First post, by swaaye

User metadata
Rank l33t++
Rank
l33t++

I've spent a few hours compiling DOSBOX. I have a EeePC 900 and wanted to see if I get get a bit more speed out of the little 900MHz Celeron M inside it. I've only compiled DOSBOX one other time, years ago, so I needed to relearn how to do it. The wiki and some forum threads here were invaluable. I am a PHP programmer / Linux admin by day so I have some decent experience with using GCC on a Linux-based server and was at home once things were up and running.

I got DOSBOX CVS from the Wiki, DOSBOX 0.72 source from the main site, MINGW 5.1.4, MSYS 1.0.10, and MsysDTK-1.0.1. Also got nasm.exe and the directx headers as instructed on the SDL Win32 guide. Compiled my own SDL with the DDRAW fix. Didn't mess with SDL_Net or SDL_Sound.

To figure out CFLAGS/CXXFLAGS, I usually go to the "safe cflags" list in the Gentoo Wiki. I went with "-march=pentium-m -O2 -pipe -fomit-frame-pointer". I also tested with -O3 and -Os. I tried out the --enable-core-inline DOSBOX option too. And, after reading about it in a thread here, I tried out GCC profile guided optimization. Compiled SDL without profile optimization, but with the above flags.

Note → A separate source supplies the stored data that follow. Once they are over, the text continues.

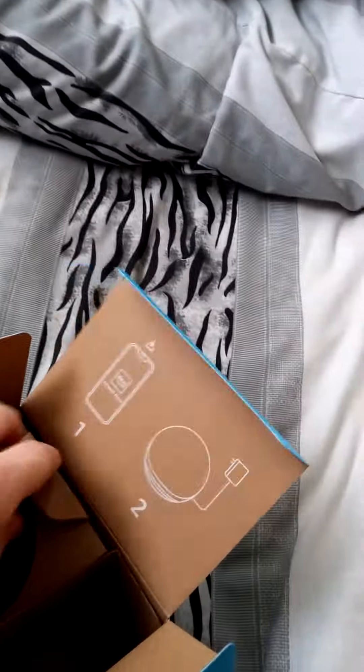Let's get her out and have a look. There we go — she looks just like the fourth generation. There's your controls on the top: your microphone cancellation button, your volume up and down, and there's one more button here — I'm not sure what that one is, but I'll find out when I set her up.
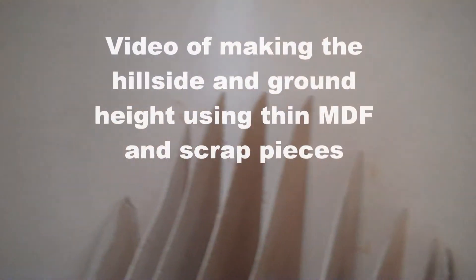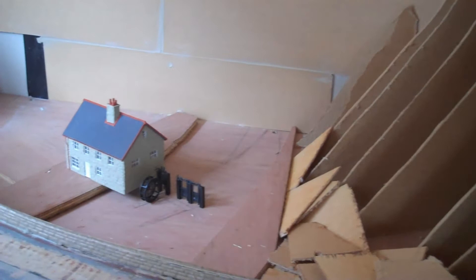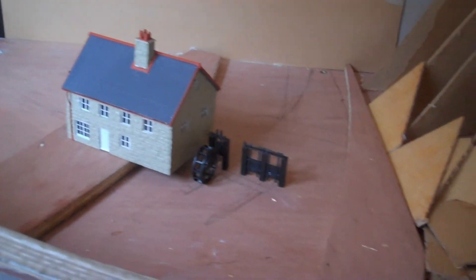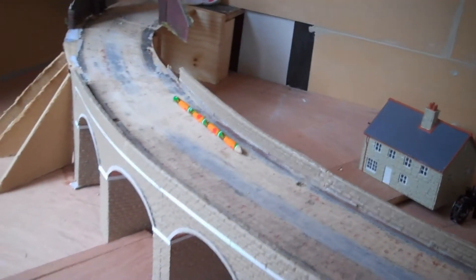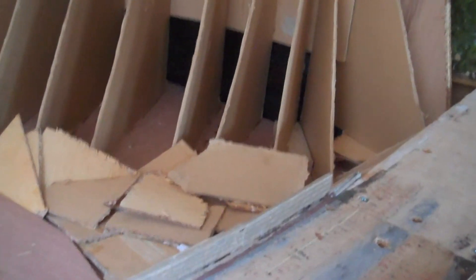As you can see, I've put the ribs in — this will be for the hill that comes down to the river. I've also put in a small watermill; it's not finished yet, so please don't comment about that yet. The bridge still isn't finished. I've been putting the ribs for the embankments on, using scrap pieces of wood to get the height of the ground.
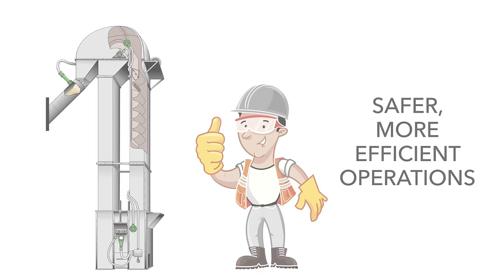But the most important value we deliver is the assurance of safer, more efficient operations. 4B — Better by Design. For more information, visit our website at www.go4b.com.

Profile optimization seems like it would add some significant variability to the compilation results. Depending on what games you use, how long you run them, what you do in the games, what parts of DOSBOX you use, etc.

References:
http://gentoo-wiki.com/Safe_Cflags
http://gcc.gnu.org/onlinedocs/gcc-3.4.6/gcc/i … _002d64-Options
http://gcc.gnu.org/onlinedocs/gcc-3.4.6/gcc/O … ptimize-Options
http://www.libsdl.org/extras/win32/mingw32/README.txt
CVS compile question(s)
http://www.dosbox.com/wiki/BuildingDOSBox

To test the results, I ran Chris Dial's CBENCH DOS SVGA 3D benchmark and QUAKE TIMEDEMO DEMO2 (in default VGA mode). Both programs showed the same relative performance boost or loss. I realize that there are a whole load of variables to DOSBOX performance, and picking a benchmark is going to be troublesome.

The results:

  • -O2 is best. -O3 and -Os were slower. (CVS)
  • profile guided optimization can give some definite benefits. The fastest compile I produced was a profile optimized DOSBOX 0.72 with "-march=pentium-m -O2 -pipe -fomit-frame-pointer". I used Crusader: No Regret, Quake, and Dark Forces as games to profile with. Ran the latter in FM music mode. (CVS,0.72)
  • Profile guided optimizations produce a smaller executable. Resulting compile with "-march=pentium-m -O2 -pipe -fomit-frame-pointer" and profile optimization with 0.72 was 2.75MB. (CVS,0.72)
  • -O3 caused compilation to fail in the "use profile" recompile. (CVS)
  • DOSBOX's inlined memory cpu core option was not faster. (CVS)
  • The current CVS is somewhat slower than 0.72. Same profile guided compile with above options ~30% slower (14.5 vs. 19.5fps) in Quake timedemo. However, performance was equal in CBENCH SVGA. I couldn't make a CVS compile run as fast as 0.72 no matter the flags.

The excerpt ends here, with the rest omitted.